The ballot initiative, titled the Retirement Savings and Consumer Protection Act, was drafted by the L.A.-based Citizens for Retirement Protection and Security. Backed by lawyers, the group has raised more than $5 million for a publicity campaign prior to the Nov. 5 ballot.

If voters approve the ballot initiative, California's laws would be changed to ease securities-fraud lawsuits in California's courts.

Securities-fraud lawsuits are class-action suits brought on behalf of shareholders when a company's stock price fails to meet expectations, or when companies fail to comply with guidelines established by the Washington-based Securities and Exchange Commission. Infotech executives dub the lawsuits "strike-suits," and say they are frequently a shakedown by attorneys confident that companies will accept a multimillion dollar settlement rather than undergo an uncertain and expensive trial.

To defeat the initiative, infotech executives are rallying behind the Sacramento, Calif.-based group, Taxpayers Against Frivolous Lawsuits.

This group has raised almost $3 million from the infotech industry, said Richard Claussen, a partner in Goddard Claussen/First Tuesday, a Sacramento-based public relations firm that is managing the campaign for TAFL. But more funds will be needed to match pro-ballot campaign spending by the attorneys, he said.

Members of TAFL include the American Electronics Association and Lockheed Martin Corp., Bethesda, Md.

TAFL is arguing that passage of the ballot will cost California businesses $1.5 billion per year, kill 16,000 jobs in Silicon Valley, drive companies from the state and benefit only a small group of lawyers, said Claussen.

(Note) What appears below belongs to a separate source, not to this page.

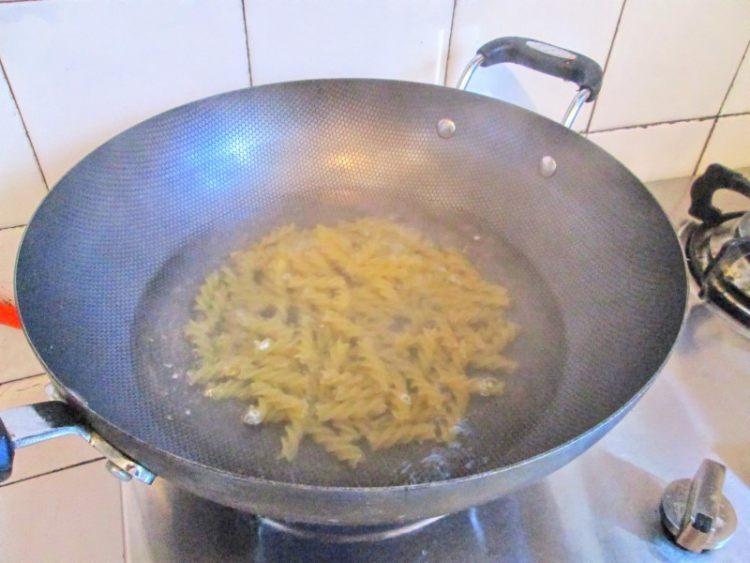 中式香菇肉末意面#百步骤2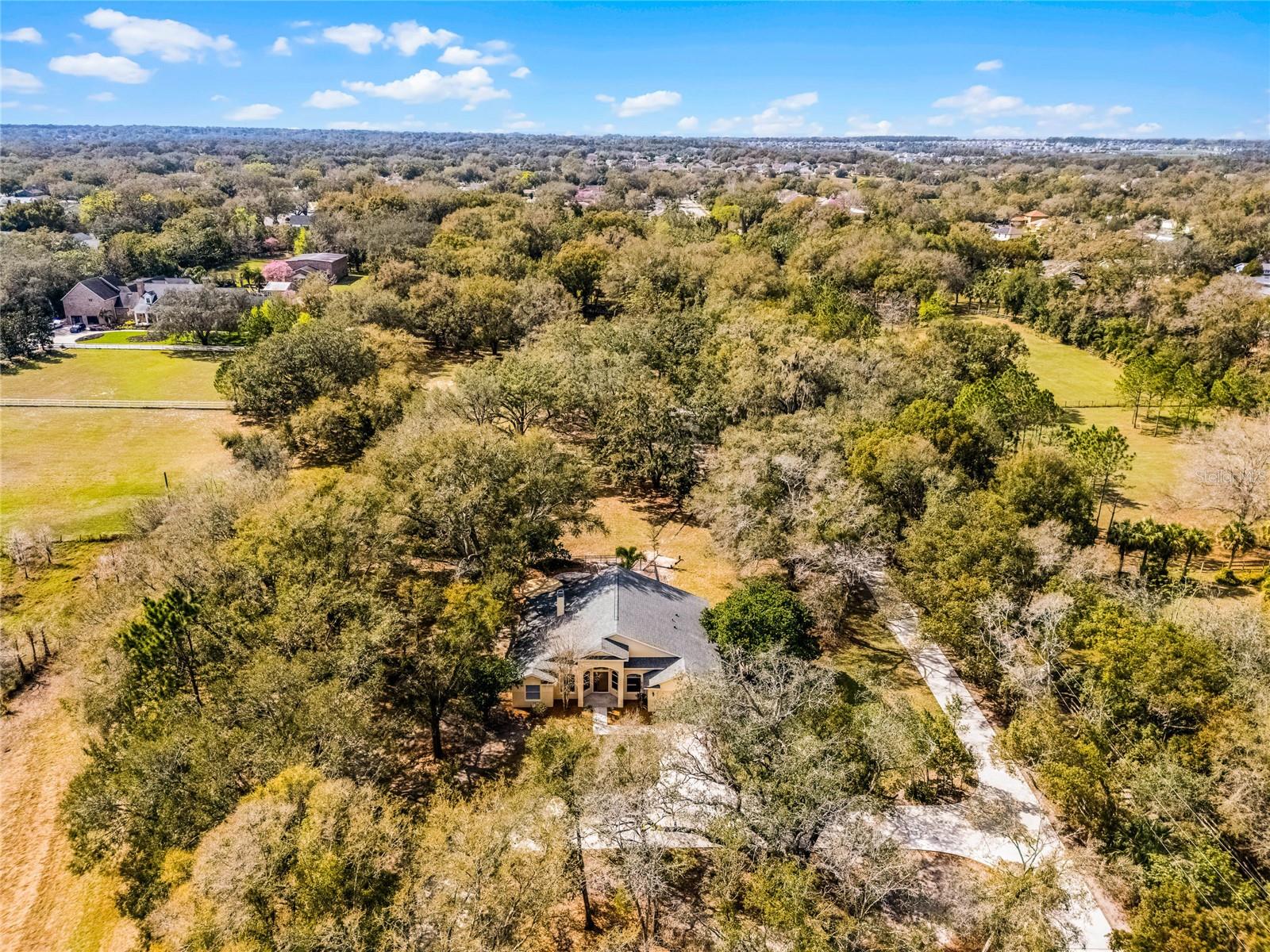 5140 N APOPKA VINELAND RD, ORLANDO, FL, 32818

The infotech industry won congressional approval last December, despite a White House veto, for a law that sharply restricts securities-fraud lawsuits launched through the federal courts.

Infotech executives say hundreds of companies had been hit every year by the lawsuits, at an average cost to the companies of $8 million per case.

But the California attorneys say the federal law weakened protection for shareholders of infotech company stock.

"This is not just a lawyers' issue. It is a fraud victims' issue," said Sean Crowley, a spokesman for Citizens for Retirement Protection and Security.

Industry executives are using scare tactics to defeat the ballot initiative, he said. Claims that companies outside California will be exposed to lawsuits if the ballot passes are not necessarily true, he said. "That is up to the judge in each particular case to determine that," he said.

But TAFL supporters say that much of the pro-ballot campaign funds are provided by law firms based outside California, showing that lawyers expect to sue companies based outside the state if the ballot passes.

In March, California's trial lawyers celebrated after voters rejected an anti-lawyer ballot initiative drafted by the infotech industry, which would have imposed tougher rules for securities-fraud lawsuits launched in California courts.